A retail video analytics model should flag suspicious behavior, but humans do not fully agree on what “suspicious” means. How would you define success and evaluate whether the system is doing a good job?

Ответить самому

Сначала сформулируйте ответ как на собеседовании, затем откройте разбор и оцените себя.

Загрузка

Короткий ответ

First turn “suspicious” into operational categories and severity levels, measure human agreement, build a labeled review set with adjudication, then optimize risk-calibrated precision/recall and downstream business outcomes.

Полный разбор

If humans disagree, the first task is not model selection; it is label design. Define categories of suspicious behavior, severity, required action and non-goals. Measure inter-annotator agreement and keep a third-party or senior-review adjudication process for hard examples.

Evaluation should mix ML metrics and product metrics. Offline, use a stratified video set across stores, camera positions, time of day and traffic level. Track precision, recall, false alarms per hour, missed high-severity incidents, calibration and performance by subgroup or environment.

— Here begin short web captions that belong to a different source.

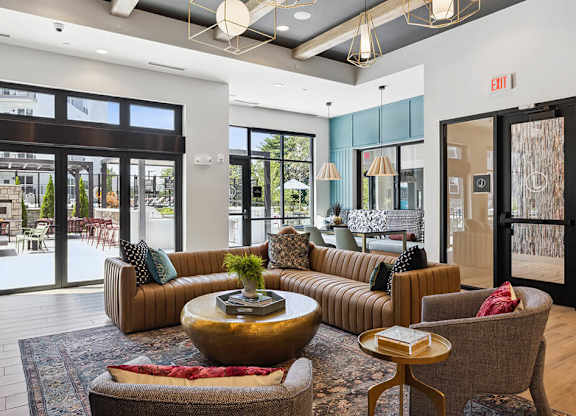 Social lounge at Jayden Apartments in Peabody MA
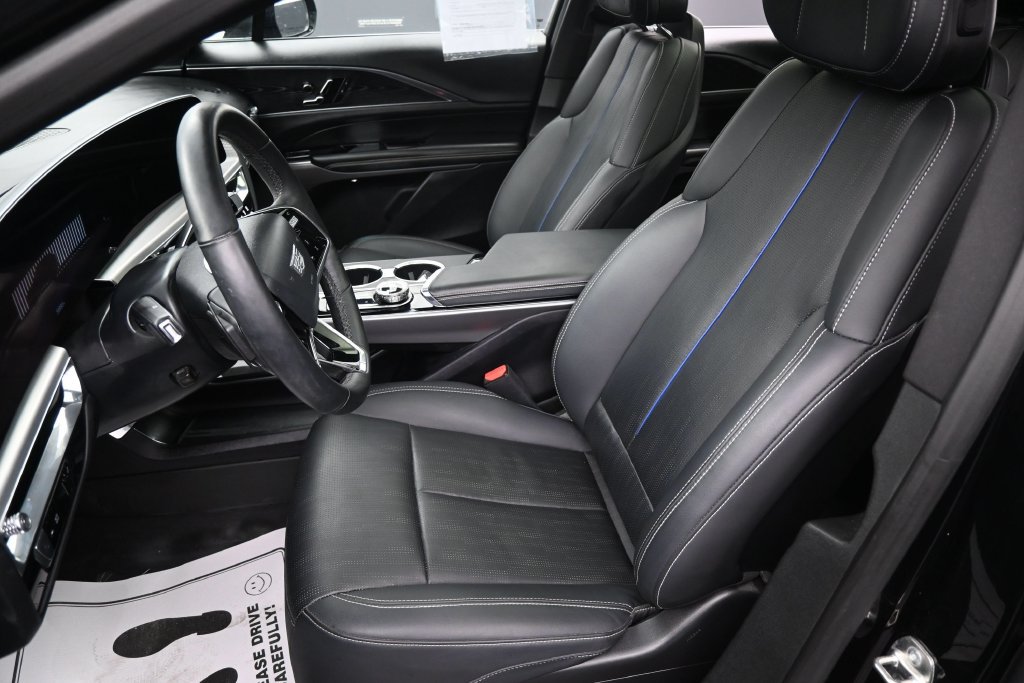 Used 2024 Cadillac Lyriq Luxury RWD image 26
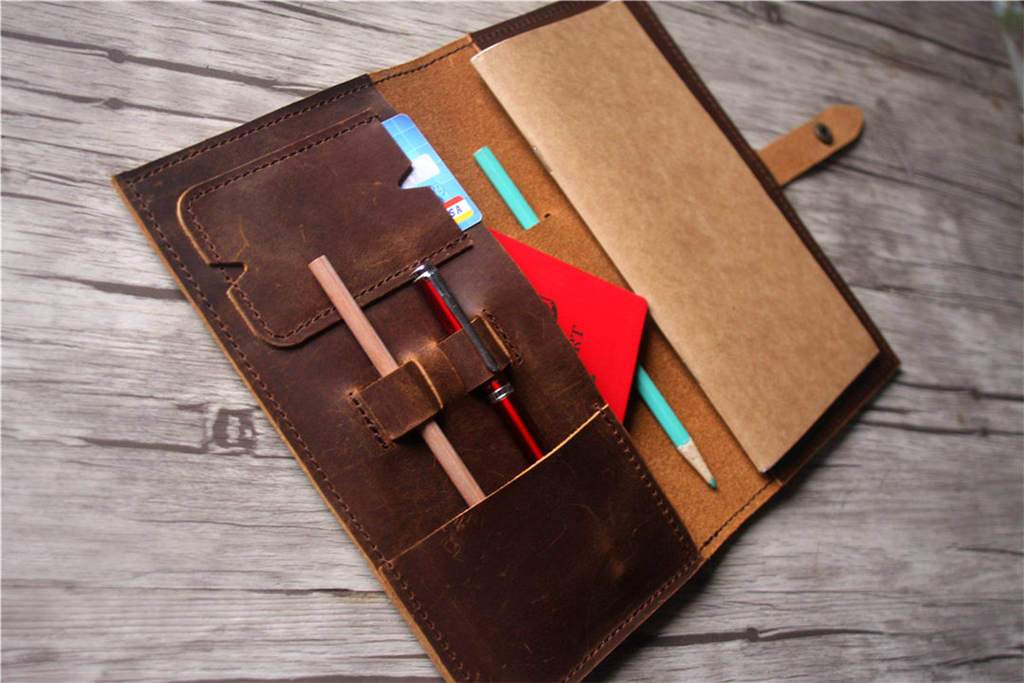 Sổ tay du lịch bằng da màu nâu tùy chỉnh, có ngăn đựng bút.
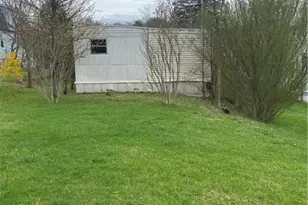 860 N 5th Ave, White Township, PA 15701 - Photo 11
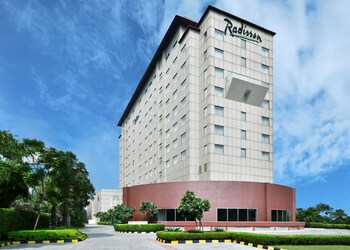 Radisson-hotel-5-star-hotels-Gurugram-Haryana-1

If labels remain ambiguous, report soft labels or agreement-weighted metrics rather than pretending there is one perfect ground truth.

Online, measure analyst workload, alert acceptance rate, time to incident review, customer/store outcomes and appeal rate. Thresholds should be risk-based: high-confidence severe events can alert immediately; uncertain low-severity events can go to passive review or sampling. Monitoring must watch drift by store layout, seasonality, camera changes and policy changes.

Теория

Ambiguous-label systems need operational definitions, agreement measurement and risk-calibrated decision thresholds before model metrics become meaningful.

Типичные ошибки

  • Optimize accuracy on a noisy label without defining the action.
  • Ignore annotator disagreement.
  • Use one global threshold for all severities and stores.
  • Forget false alarms per hour and reviewer workload.

Как отвечать на собеседовании

  • Start by defining the label and action.
  • Bring up inter-annotator agreement and adjudication.